Thanks to Yahoo’s new support for OpenSocial, programmers writing applications or developing platforms based on the specification could connect with more people than previously possible.
Yahoo, in a high-stakes battle to avoid being acquired by Microsoft for roughly $42 billion, boasts more than 500 million users worldwide thanks to its Web mail and instant messaging applications. The search company, which had been rumored to be joining OpenSocial for several weeks, is not a surprise newcomer to the effort.
The company has been vocal in its support of open-source technologies, specifications and Web applications, embracing the OpenID spec for single sign-on portability, as well as distributed computing standards such as Hadoop.
If programmers can leverage the Yahoo user base with OpenSocial software and social networks, the effort would gain some serious momentum against more proprietary efforts such as Facebook, which has not joined OpenSocial.

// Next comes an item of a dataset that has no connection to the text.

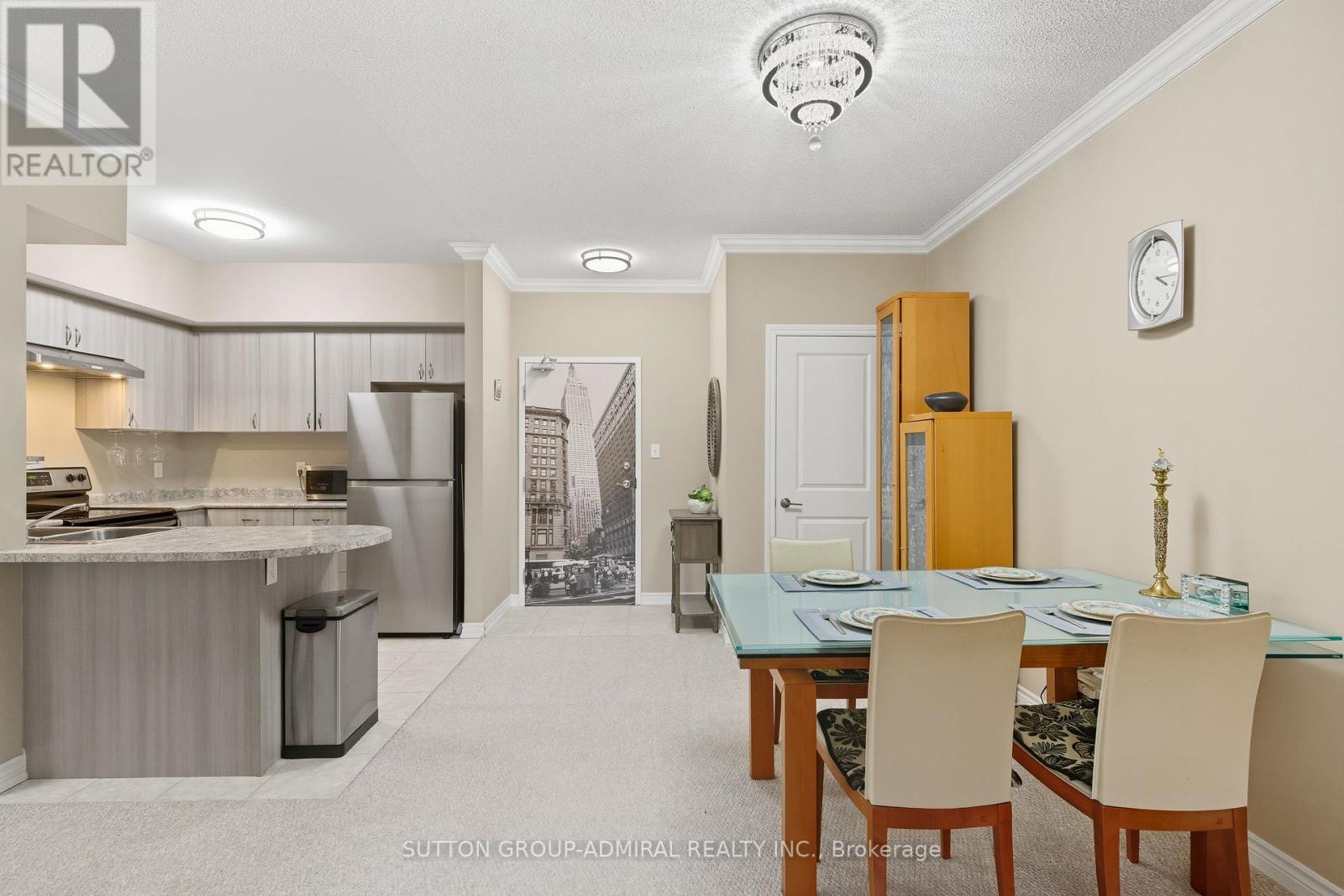 303 - 7 Greenwich Street, Barrie, Ontario  L4N 7Y8 - Photo 10 - S12392272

It is not clear whether Microsoft, which March 25 unveiled an API to allow Facebook, Bebo, Hi5, Tagged and LinkedIn to let users move their contacts between the various services, will join OpenSocial if it acquires Yahoo.
Google, MySpace and several social sites launched OpenSocial Nov. 1. To this point, adoption of OpenSocial has been slow, and some users who tested the spec’s APIs complained that they are buggy or broken.
However, MySpace recently launched its MySpace Developer Platform on OpenSocial APIs. Orkut has also started making OpenSocial applications available to its users; Hi5 will do so at the end of March.
Those interested in learning more about the foundation can go to its Web site here. Also, an open-source reference implementation called Shindig is being created and developed as a project in the Apache Software Foundation incubator.
Other members of the OpenSocial community include Engage.com, Friendster, Hyves, imeem, LinkedIn, Ning, Oracle, Plaxo, Salesforce.com, Six Apart, Tianji and Viadeo.